__DATA EXTRACT__:

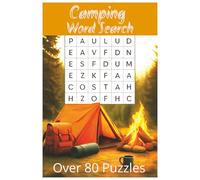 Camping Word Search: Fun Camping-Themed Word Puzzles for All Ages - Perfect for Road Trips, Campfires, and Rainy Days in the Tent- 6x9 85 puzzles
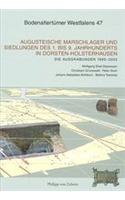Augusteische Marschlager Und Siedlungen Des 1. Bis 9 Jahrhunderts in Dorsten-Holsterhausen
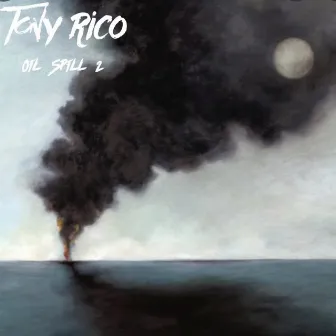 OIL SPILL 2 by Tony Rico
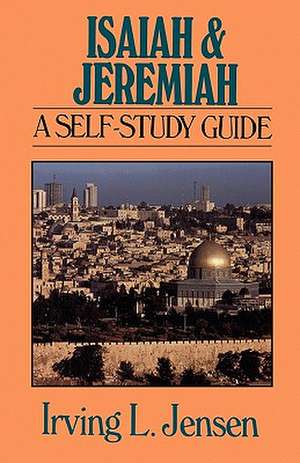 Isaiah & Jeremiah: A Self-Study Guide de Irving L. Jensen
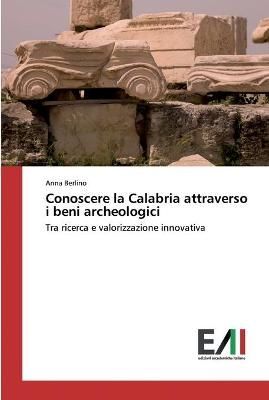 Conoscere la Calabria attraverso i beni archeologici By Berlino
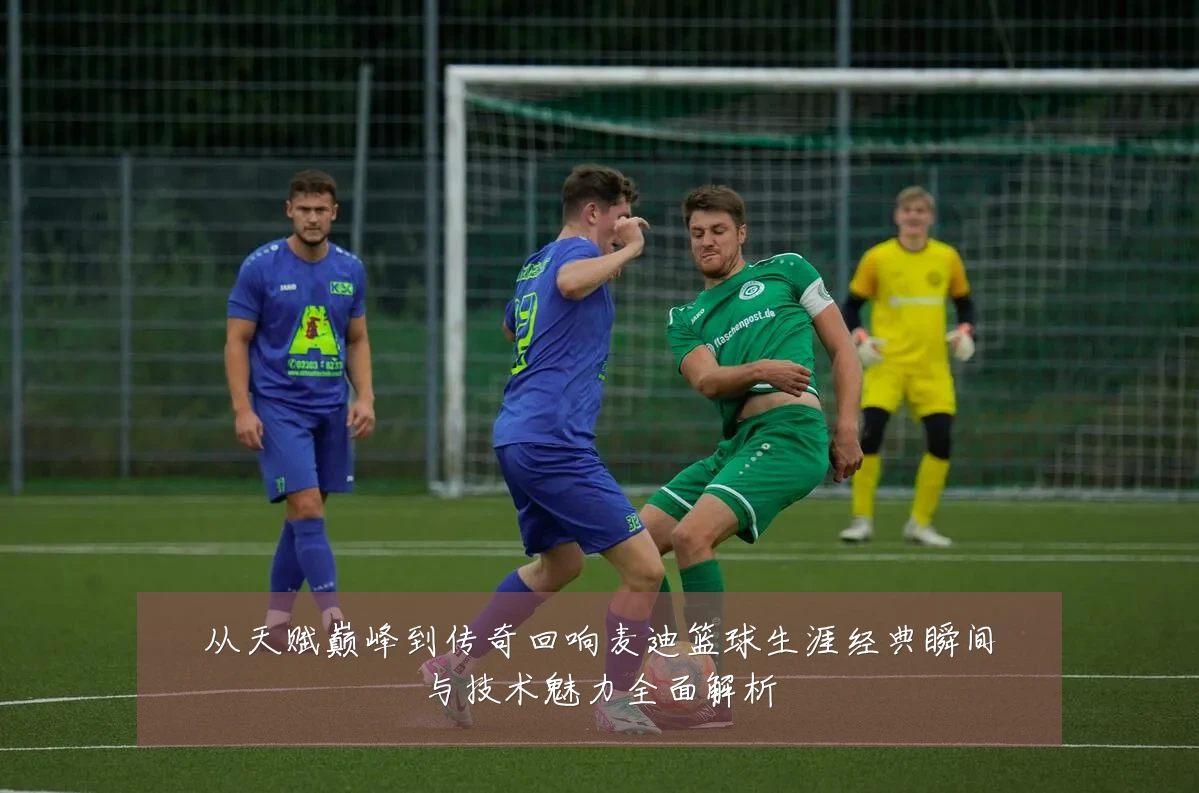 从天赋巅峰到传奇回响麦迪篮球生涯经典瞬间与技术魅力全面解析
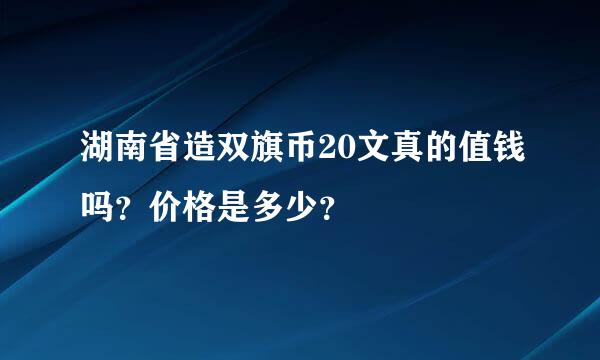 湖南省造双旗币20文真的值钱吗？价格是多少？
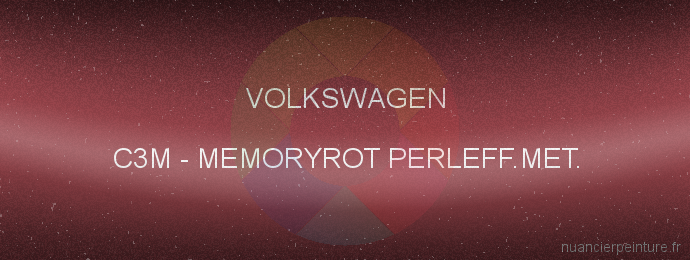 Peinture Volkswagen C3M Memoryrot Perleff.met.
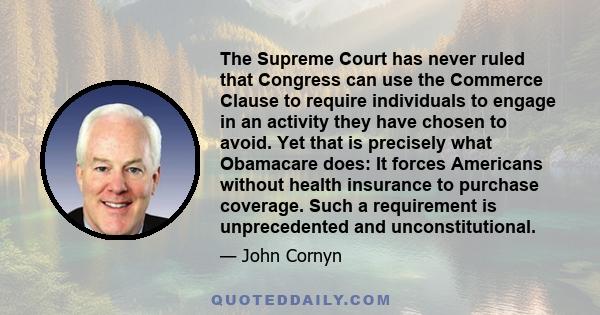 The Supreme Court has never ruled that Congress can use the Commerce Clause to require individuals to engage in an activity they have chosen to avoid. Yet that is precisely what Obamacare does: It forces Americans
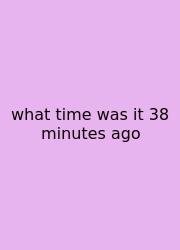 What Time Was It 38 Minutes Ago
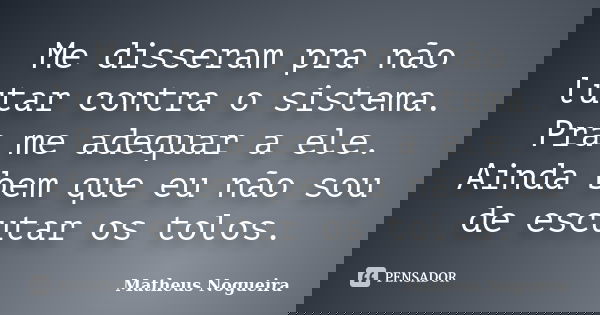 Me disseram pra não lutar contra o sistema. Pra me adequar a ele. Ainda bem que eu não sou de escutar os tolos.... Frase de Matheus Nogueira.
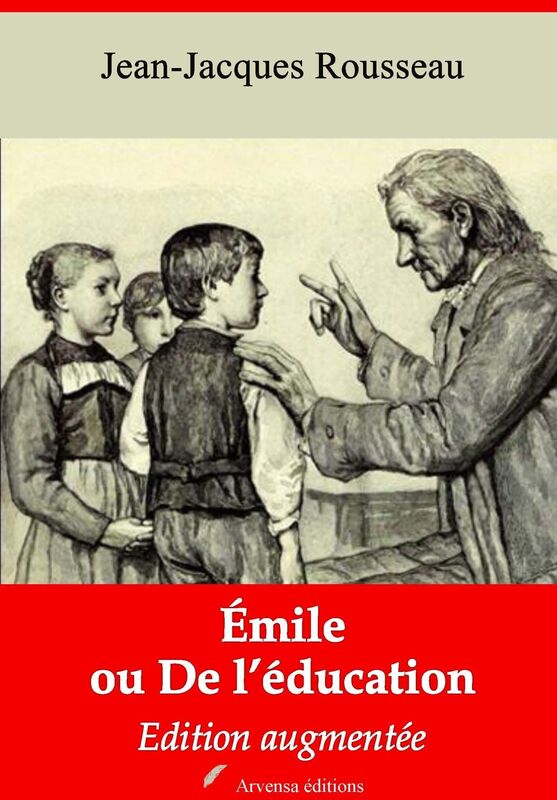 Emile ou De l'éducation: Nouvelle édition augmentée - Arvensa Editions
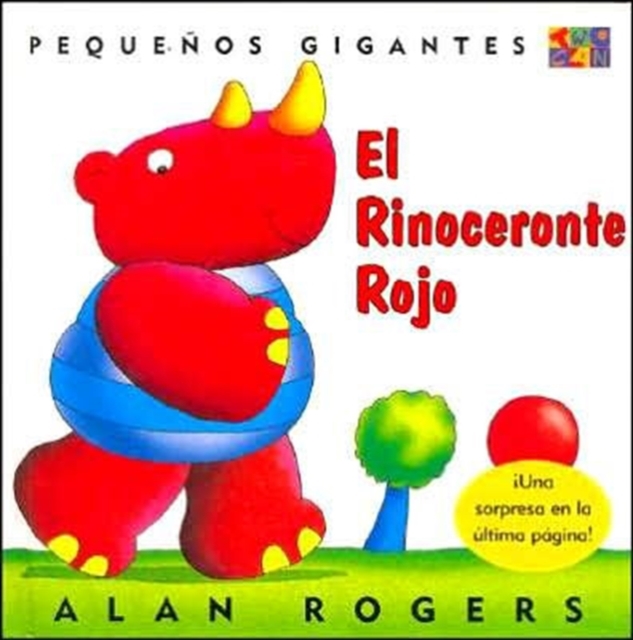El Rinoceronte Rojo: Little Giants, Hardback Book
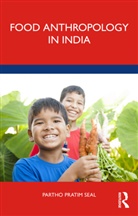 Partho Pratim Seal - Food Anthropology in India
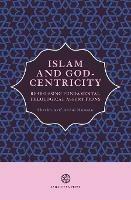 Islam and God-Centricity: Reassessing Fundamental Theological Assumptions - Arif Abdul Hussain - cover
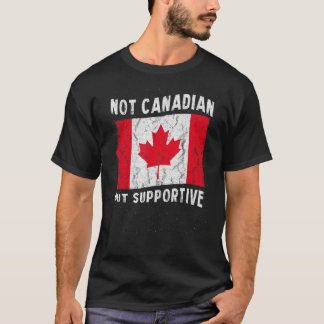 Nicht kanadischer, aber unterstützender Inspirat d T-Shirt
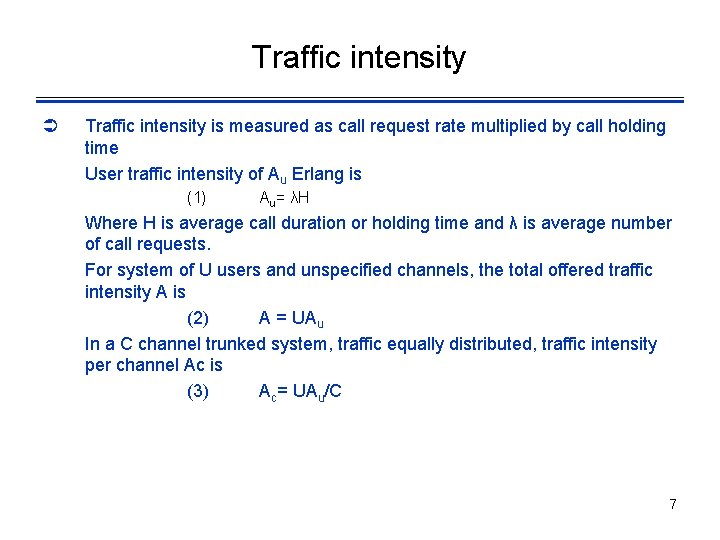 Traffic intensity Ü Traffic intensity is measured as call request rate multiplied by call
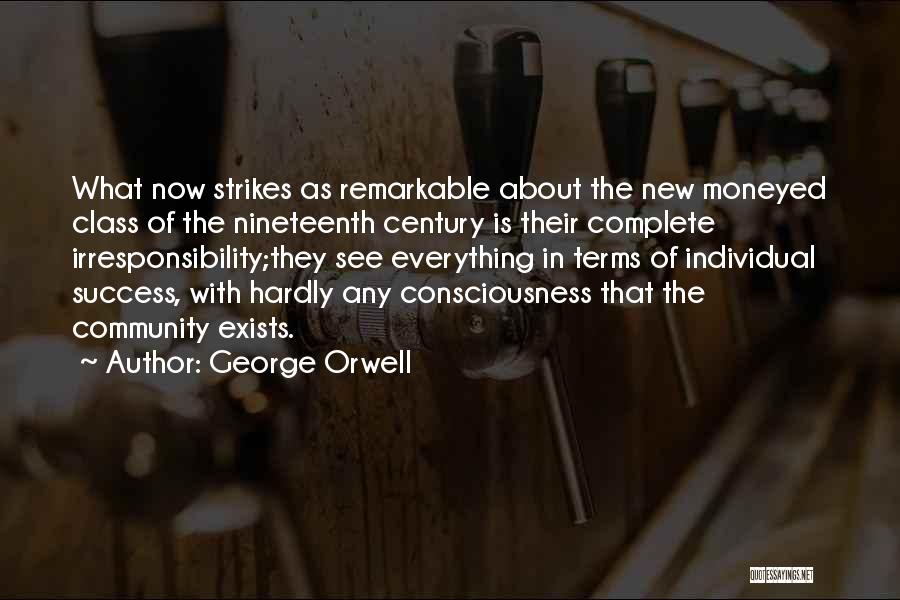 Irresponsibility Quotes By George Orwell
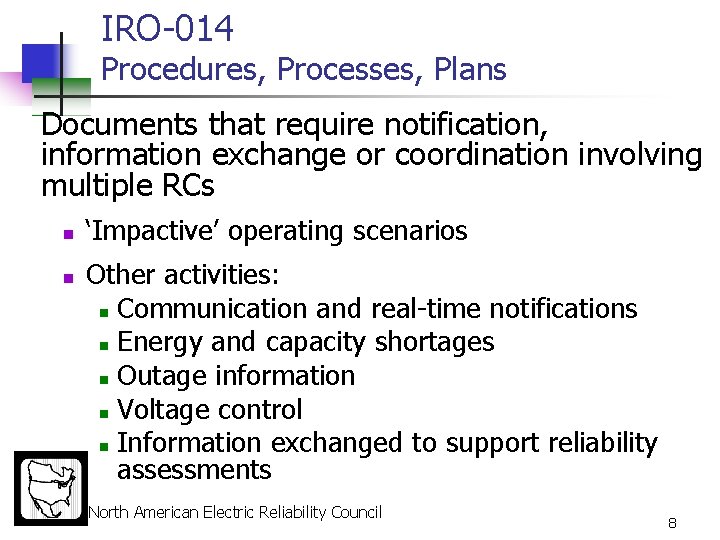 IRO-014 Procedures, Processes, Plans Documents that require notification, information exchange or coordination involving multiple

__YOUR GOAL__: Would you reproduce, exactly and with nothing added, every line from the beginning of the entries above through the line that contains "Islam and God-Centricity: Reassessing", both included, leaving out the pictures?

__TASK RESULT__:
 Camping Word Search: Fun Camping-Themed Word Puzzles for All Ages - Perfect for Road Trips, Campfires, and Rainy Days in the Tent- 6x9 85 puzzles
Augusteische Marschlager Und Siedlungen Des 1. Bis 9 Jahrhunderts in Dorsten-Holsterhausen
 OIL SPILL 2 by Tony Rico
 Isaiah & Jeremiah: A Self-Study Guide de Irving L. Jensen
 Conoscere la Calabria attraverso i beni archeologici By Berlino
 从天赋巅峰到传奇回响麦迪篮球生涯经典瞬间与技术魅力全面解析
 湖南省造双旗币20文真的值钱吗？价格是多少？
 Peinture Volkswagen C3M Memoryrot Perleff.met.
 The Supreme Court has never ruled that Congress can use the Commerce Clause to require individuals to engage in an activity they have chosen to avoid. Yet that is precisely what Obamacare does: It forces Americans
 What Time Was It 38 Minutes Ago
 Me disseram pra não lutar contra o sistema. Pra me adequar a ele. Ainda bem que eu não sou de escutar os tolos.... Frase de Matheus Nogueira.
 Emile ou De l'éducation: Nouvelle édition augmentée - Arvensa Editions
El Rinoceronte Rojo: Little Giants, Hardback Book
 Partho Pratim Seal - Food Anthropology in India
 Islam and God-Centricity: Reassessing Fundamental Theological Assumptions - Arif Abdul Hussain - cover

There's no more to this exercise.